Origfic Bingo: Nervous Breakdown
Nov. 13th, 2010 01:31 am![[personal profile]](https://www.dreamwidth.org/img/silk/identity/user.png)
Title: Dangerous Pet
Universe: Wind & Foxes
Characters, pairings: Vithje
Rating: PG13
Warnings: None
Word count: 1,073
Summary: Vithje got a RAW DEAL.
Notes: Written for
origfic_bingo, for the prompt "nervous breakdown". Set in the days of the Kelisav Empire, which is "olden times" from the perspective of the main characters of W&F. Also, that summary up there is the best one I have ever written.
His days are empty now. His days are a long, endless silence. He is not called for. He is not wanted. He stays in his room. Where else should he go? Where does a sorcerer go when his emperor does not want him?
He does not have to emerge from his quarters unless Amer wants him, because he can go wherever he likes without physically leaving the room. He can see anywhere in the palace, in the city, and many places beyond. He can hear people talking, unless they make some sorcerous effort to hide their words.

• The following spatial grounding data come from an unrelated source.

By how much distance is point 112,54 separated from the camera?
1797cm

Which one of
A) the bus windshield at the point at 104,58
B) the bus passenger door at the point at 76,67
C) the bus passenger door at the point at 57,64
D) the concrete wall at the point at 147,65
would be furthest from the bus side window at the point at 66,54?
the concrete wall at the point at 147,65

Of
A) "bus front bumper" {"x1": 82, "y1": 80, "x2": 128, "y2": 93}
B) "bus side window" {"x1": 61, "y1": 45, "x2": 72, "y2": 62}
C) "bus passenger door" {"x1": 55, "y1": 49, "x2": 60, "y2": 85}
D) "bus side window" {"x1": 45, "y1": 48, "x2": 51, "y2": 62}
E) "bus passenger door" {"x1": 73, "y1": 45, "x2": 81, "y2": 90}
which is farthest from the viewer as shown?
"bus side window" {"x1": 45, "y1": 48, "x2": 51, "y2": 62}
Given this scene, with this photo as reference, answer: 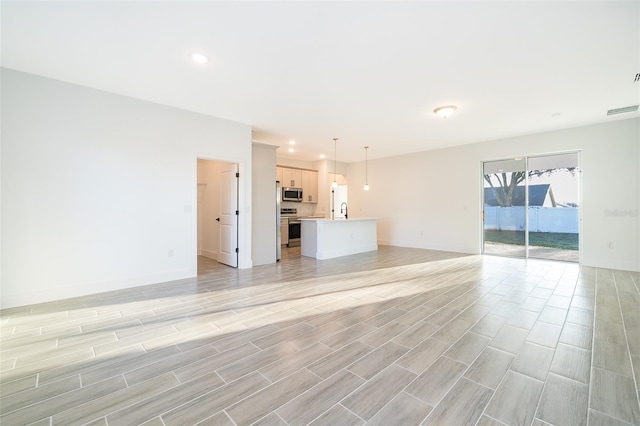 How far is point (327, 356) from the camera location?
215 cm

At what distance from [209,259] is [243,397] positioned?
525 centimetres

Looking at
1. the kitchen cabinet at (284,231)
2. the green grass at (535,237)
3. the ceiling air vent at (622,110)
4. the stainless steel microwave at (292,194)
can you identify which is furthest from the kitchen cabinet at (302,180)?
the ceiling air vent at (622,110)

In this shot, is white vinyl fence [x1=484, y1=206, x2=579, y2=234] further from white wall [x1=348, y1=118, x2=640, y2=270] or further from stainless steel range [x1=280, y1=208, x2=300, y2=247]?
stainless steel range [x1=280, y1=208, x2=300, y2=247]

Vithje knows what the court has to say about him. The emperor's pet is going mad.
Once, an emperor's personal sorcerer was almost his equal. Once, the two were partners of a sort, but that was generations ago. The dynamics of power have changed since those times, and the bonds restraining an emperor's sorcerer have grown thicker and heavier with each new emperor, each new sorcerer. Until now: Amer and his sorcerer Vithje, the pet. It is not Amer's fault. Amer was a child when they were bound. Amer didn't know what was happening to them. Amer still knows very little, in Vithje's not entirely kind opinion--or else, he knows but hardly understands.
Some days, more and more often now, Vithje wishes he had not been born with his gift. It made him this thing not quite human anymore, bound to a master who has forgotten him. It is a curse, these days, to be a sorcerer of both low birth and great power. Vithje would imagine what it might have been like to be raised by his parents, to earn his living as they did, but he had been taken away from his parents soon after his birth. It is considered a risk for him to know who they were. It might compromise his loyalty.
A true human could live and love as he wanted. A human could know the name of his family, at least. A human would have some meaning in his life beyond Serve the emperor, always, which is the command that has been written into his mind, burned into his body, made his greatest law.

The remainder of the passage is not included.